Open erawhctim opened 1 year ago

erawhctim commented 1 year ago

When testing code that has a dependency on one of the API clients/endpoints that connect-kotlin generates, consumers have to rely on mocking frameworks to stub out the generated calls and replace their responses.

This generally works, due to the maturity of mocking frameworks on the JVM, but as an alternative (for projects that don't want to import/use mocking frameworks), buf/the BSR could generate fake API client implementations for testing purposes (similar to how the connect-swift-mocks plugin works).

ln-12 commented 1 year ago

Hey @erawhctim, did you find a suitable approach to mock the dependency yet?

I will probably do it by implementing the methods from the generated client interfaces using my mock data and provide these implementations via dependency injection instead of the actual client implementations.
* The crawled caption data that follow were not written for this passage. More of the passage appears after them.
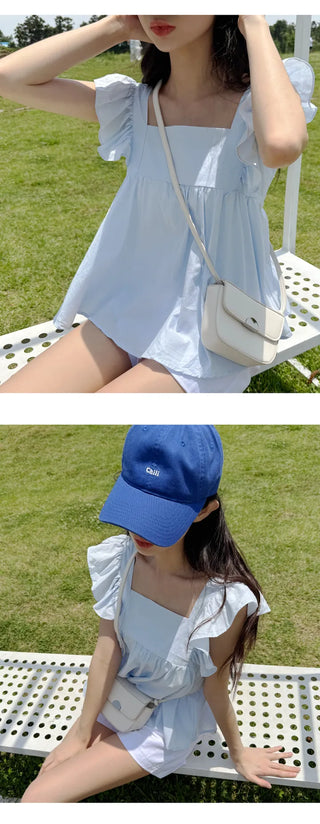 Shirred Sleeveless Blouse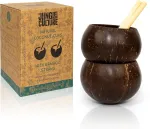 Jungle Culture&reg; tikri kokoso puodeliai kokteiliams ir kokteiliams &bull; maži kokoso dubenėliai ir bambukiniai &scaron;iaudeliai &bull; natūralūs mediniai puodeliai, nulinės atliekų taurės, gėrimo taurė vakarėliui, tvarūs dovanos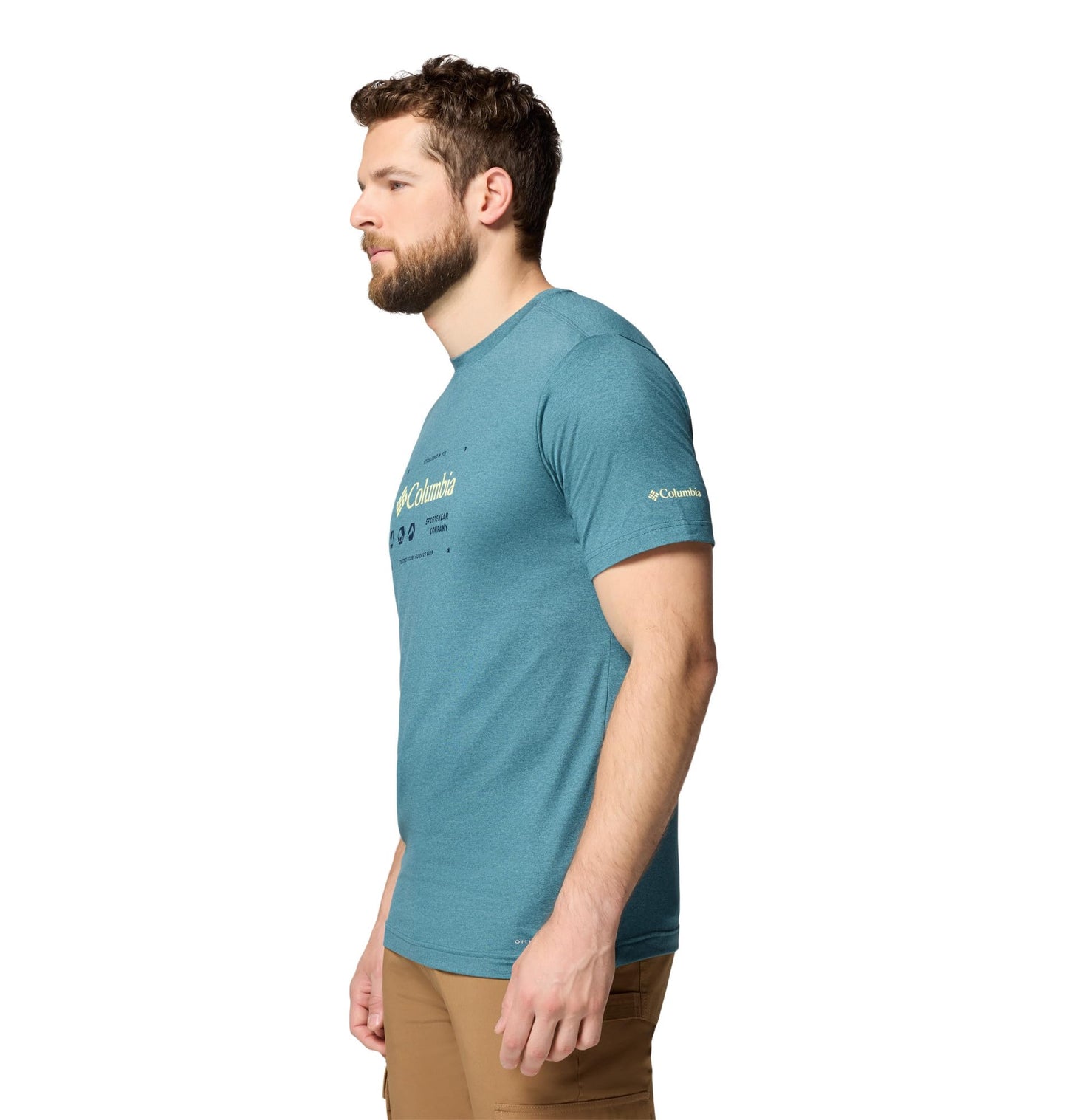Columbia Mens Kwick Hike Graphic Short Sleeve Tee, Everblue Heather/Iconic Brand, Medium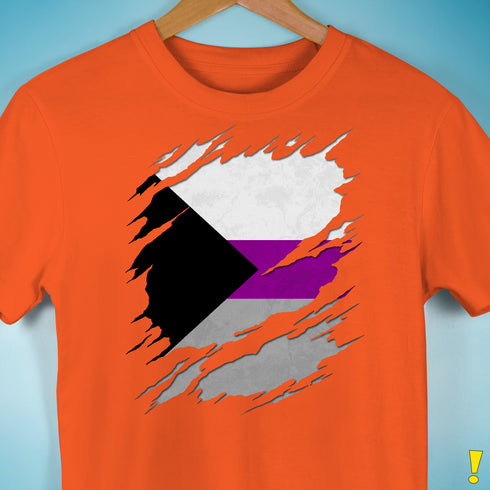 Demisexual Pride Flag Ripped Reveal Premium Unisex T-Shirt - Orange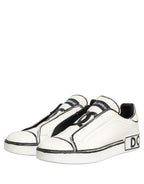 White Leather Portofino Low Top Sneakers Shoes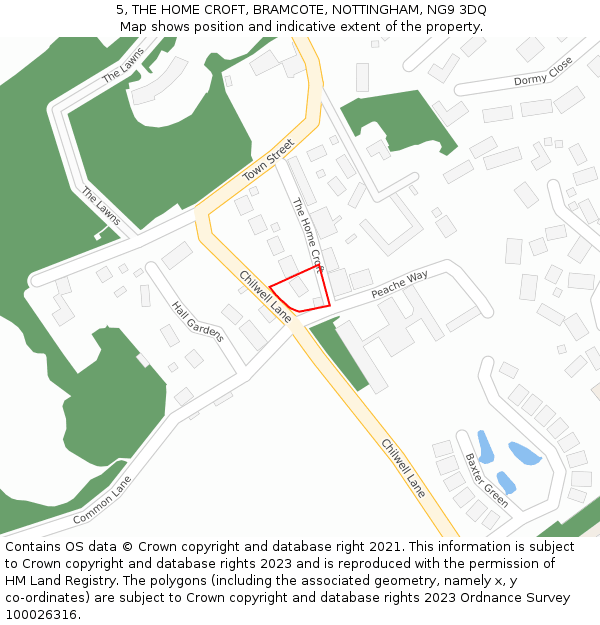 5, THE HOME CROFT, BRAMCOTE, NOTTINGHAM, NG9 3DQ: Location map and indicative extent of plot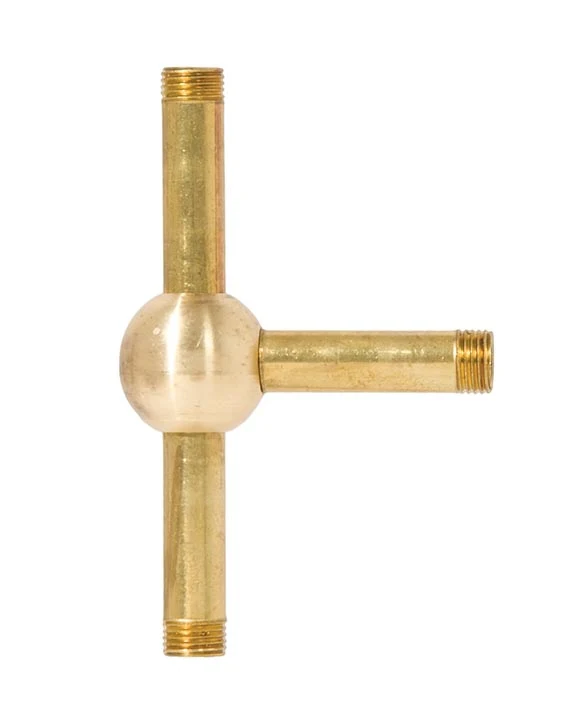 7/8 Inch Diameter Unfinished Brass 3-Way Ball Arm Back, 1/8F (21259U) - Image 3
Just wanted to know if you maybe found another approach.

erawhctim commented 11 months ago

Hey @erawhctim, did you find a suitable approach to mock the dependency yet?

I will probably do it by implementing the methods from the generated client interfaces using my mock data and provide these implementations via dependency injection instead of the actual client implementations. Just wanted to know if you maybe found another approach.

Sorry for the late reply here! Your solution matches ours: we're using overloaded constructors that allow us to supply a mocked instance of the generated client in tests, while injecting the ProtocolClient and manually constructing those client instances instead.